___ MATERIAL SHOWN

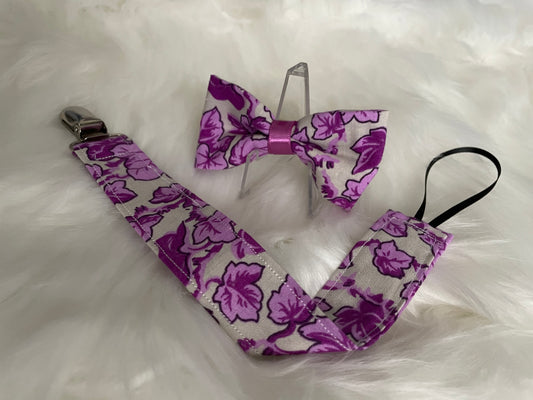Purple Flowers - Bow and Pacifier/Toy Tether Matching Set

______
___ MATERIAL SHOWN

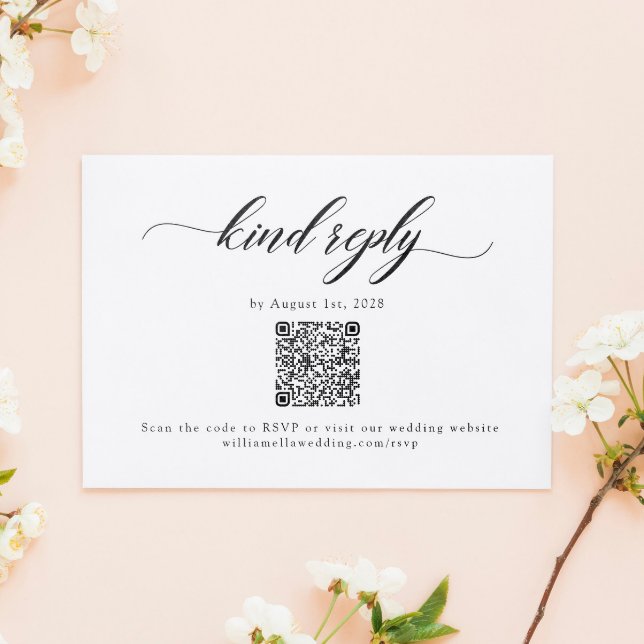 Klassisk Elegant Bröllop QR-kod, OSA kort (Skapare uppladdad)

______
___ MATERIAL SHOWN

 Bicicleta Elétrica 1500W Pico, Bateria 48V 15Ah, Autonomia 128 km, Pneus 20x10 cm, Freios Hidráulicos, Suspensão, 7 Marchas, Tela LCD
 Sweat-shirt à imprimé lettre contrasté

______

## WHAT TO PRODUCE:
Copy the lines above exactly. Start with the line containing "Bicicleta Elétrica 1500W", end with the line containing "Sweat-shirt à imprimé lettre contrasté", and include both.

## SOLUTION:
 Bicicleta Elétrica 1500W Pico, Bateria 48V 15Ah, Autonomia 128 km, Pneus 20x10 cm, Freios Hidráulicos, Suspensão, 7 Marchas, Tela LCD
 Sweat-shirt à imprimé lettre contrasté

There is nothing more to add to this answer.